The chief executive in question is presented by the filmmakers and embodied by actor Denis Podalydès as a man of pure, ruthless ambition, but also one given to blunt, aggressive statements that alienate potential allies and voters alike. Thus the trajectory of the film, such as it is, traces how a politician at odds with current president and party leader, Jacques Chirac, and deemed too far to the right to hold the top office, maneuvers his way to the center, improves his media savvy, and wins enough institutional support and votes to carry the ballot.
Politics is all show in The Conquest. As one insider says to another about the future president, “You’re wrong to think that Nicolas has opinions. Everything he says is pretense.” Pretense it may be, but pretense is what wins elections, a point that the film makes a little too bluntly, even if it results in such memorable scenes as Sarkozy skillfully negotiating a visit to a factory and warding off the criticism of an angry foreman with expert political doublespeak.
But lest the film be stuck with a wholly unsympathetic central figure, Sarkozy’s ruthlessness gives way to a cautious sensitivity via his deteriorating marriage to his second wife Cécilia (Florence Pernel), the filmmakers tempering his political triumph with a dose of personal failure. As one of Sarkozy’s advisors remarks to another, Cécilia humanizes the candidate in the public eye, and Durringer uses her for the same purpose, attempting to soften the harsh portrait of his protagonist. But these scenes are among the least effective, as the director is clearly on much surer footing with political machinations than personal regrets.

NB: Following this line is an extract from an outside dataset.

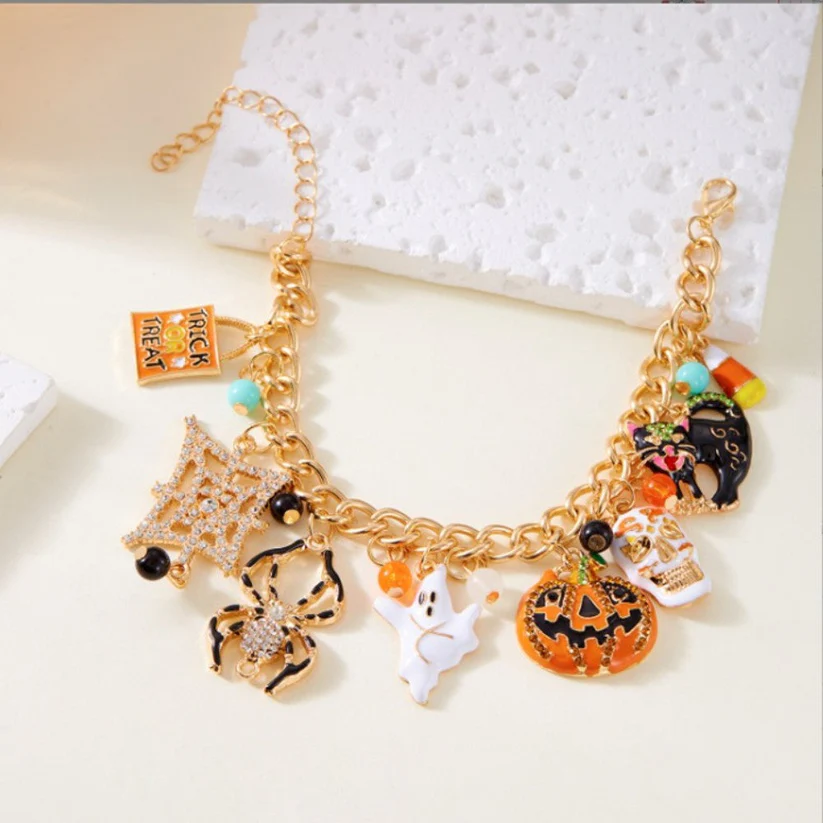 Halloween Charm Bracelet with Festive Spooky Charms (4)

Still, even as Durringer manages to turn backdoor political maneuvering into surprisingly gripping drama, the film is still limited by its conception of its central character. He may pine for his soon-to-be ex-wife, but Sarkozy is essentially all bluster and scheming, the arrogant tussler turned consummate politician whose ambitions to gain the presidency never waver. No doubt Sarkozy—or anyone who becomes the top executive in a nation’s government—must be similarly ruthless and France’s right-leaning pres certainly deserves all the cinematic bile he can get, but as fascinating as it is to watch the man tell off Chirac to his face or work on manipulating his media image, ultimately the film can’t help but reveal its hollow center. This hollowness is certainly Durringer’s point, and it’s a point well taken, but it serves to limit the range of the film’s inquiries. What we we’re left with is an engrossing portrait of political machination which occasionally, and largely unsuccessfully, dons the scanty robes of character study.